In den frühen Achtzigern erreichte die Skinhead-Subkultur den deutschsprachigen Raum - und auch hier bildeten sich bald rechtsradikale Tendenzen heraus und stellten die Weichen für namhafte Rechtsrock-Bands wie Landser, Noie Werte, Störkraft oder die Zillertaler Türkenjäger, die harte Klänge mit aggressiven, explizit fremdenfeindlichen Inhalten verknüpften. Die Texte richteten sich gegen Staatsorgane, Linke und Ausländer, riefen zum "Widerstand" gegen diese auf und verherrlichten die NS-Vergangenheit. Bei uns in Österreich gab es parallel dazu auch einen politischen Umbruch nach rechts; nachdem Parteiobmann Norbert Steger versucht hatte, die FPÖ von ihrem fragwürdigen Image zu befreien, wurde er 1986 von Jörg Haider abgelöst, der das vorwegnahm, was heute bei vielen Rechten bereits gang und gäbe ist: Er inszenierte sich als "Rebell" gegen das "Establishment" bzw. die "Altparteien". Zudem wurde der Ruf unseres Landes durch die Waldheim-Affäre belastet - eine internationale Debatte, in der es darum ging, ob der 1986 bis 1992 amtierende österreichische Bundespräsident Kurt Waldheim aktiv an NS-Verbrechen beteiligt war. Doch nicht nur bei uns, auch in anderen Ländern führten gesellschaftliche und politische Umbrüche zu einem Auftrieb des Rechtsradikalismus - sozialer Wandel, technologische Modernisierung, geringes Wirtschaftswachstum, hohe Massenarbeitslosigkeit, Reduktion der Sozialausgaben, politische und soziale Umwälzungen in Osteuropa, Migrationsbewegungen, mehr Asylanträge, dazu der Bedeutungsverlust der Nationalstaaten durch wirtschaftliche und politische Globalisierung brachten nicht nur das Beste in den Menschen hervor. Deutlich wurde dies Anfang der 1990er im Zuge der Wiedervereinigung: Schon ein Jahrzehnt zuvor hattem sich etwa in der DDR rechtsextreme Protestbewegungen formiert, die der wachsenden Unzufriedenheit mit den Arbeits- und Lebensbedingungen verschuldet waren. Da öffentlicher Protest in einem Polizeistaat große Risikobereitschaft voraussetzt, zeichneten sich ihre Anhänger durch enorme Gewaltbereitschaft und Brutalität aus. Im Zuge des Falls der Berliner Mauer breitete sich der Neonazismus auch vermehrt im Westen aus - dass das nicht heißt, dass alle Ostdeutschen Nazis sind, denn auch dort handelt es sich vor allem um eine sehr laute Minderheit.
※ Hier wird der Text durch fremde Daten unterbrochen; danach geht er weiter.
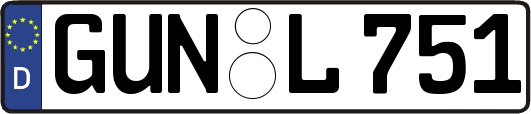 GUN-L751
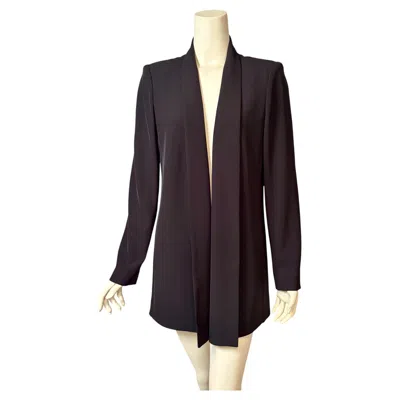 Pre-owned Calvin Klein 1980's  Black Jacket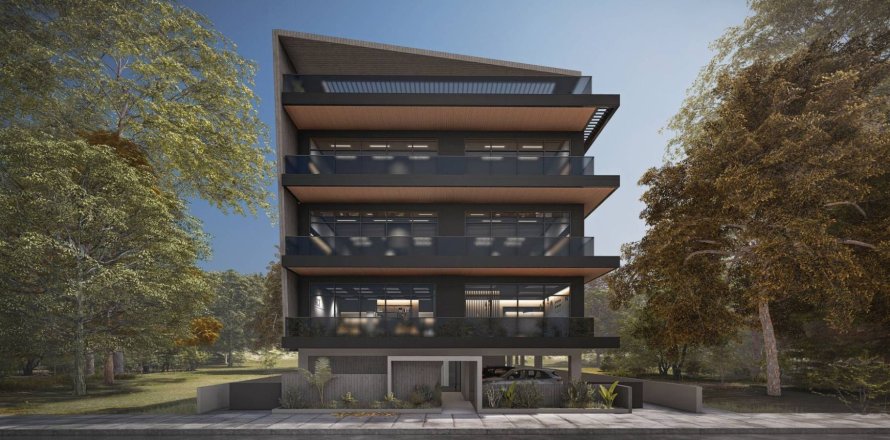 60m2 Office in Limassol, No. 41617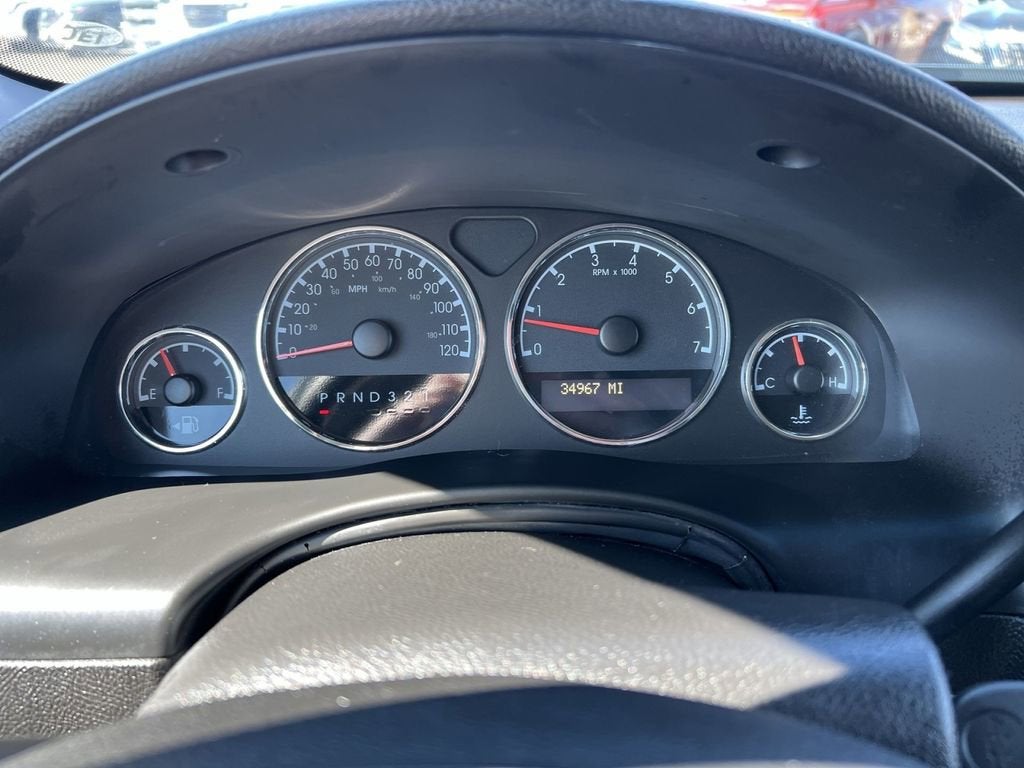 2007 Chevrolet Uplander LS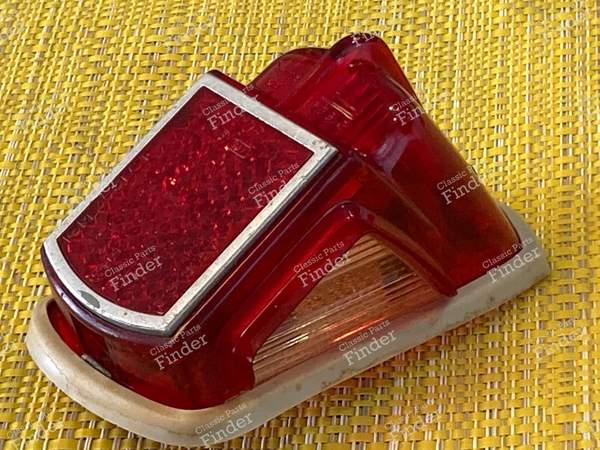 Left rear light SEIMA Citroen 2CV AZAM - CITROËN 2CV - 593G- 0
Zwischen 1991 und 1994 kam es in Deutschland zu einem Anschwellen rassistischer Gewalt, während sich in Österreich Briefbomben-Anschläge gegen Menschen, die als Vertreter einer liberalen und ausländerfreundlichen Politik angesehen wurden, häuften - die sich allerdings als Taten des rechtsradikalen Einzeltäters Franz Fuchs herausstellten. Unter Jörg Haider wurde die FPÖ bis Ende der Neunziger außerdem zu einer der stimmenstärksten Parteien, und auch im Osten Deutschlands erkannten Rechtsparteien ein attraktives Rekrutierungsfeld. Auch der Rechtsrock radikalisierte sich Anfang der Neunziger - dem anfangs eher verhaltenen Rassismus wichen nun Vernichtungsphantasien und die Verherrlichung oder Leugnung des Holocausts. Es waren offene Tabubrüche, weshalb ich überzeugt davon bin, dass der Reiz für Jugendliche vor allem darin lag - vor allem, da mir aufgefallen ist, dass viele dieser kleinen Möchtegern-Nazis gar nicht so richtig kapiert haben, was sie da eigentlich unterstützen. In den 1950er Jahren schockierte der Rock'n'Roll durch die explizite Sexualität in seinen Texten - vierzig Jahre später tat der Rechtsrock dasselbe mit der Verherrlichung rassistischer Gewalt.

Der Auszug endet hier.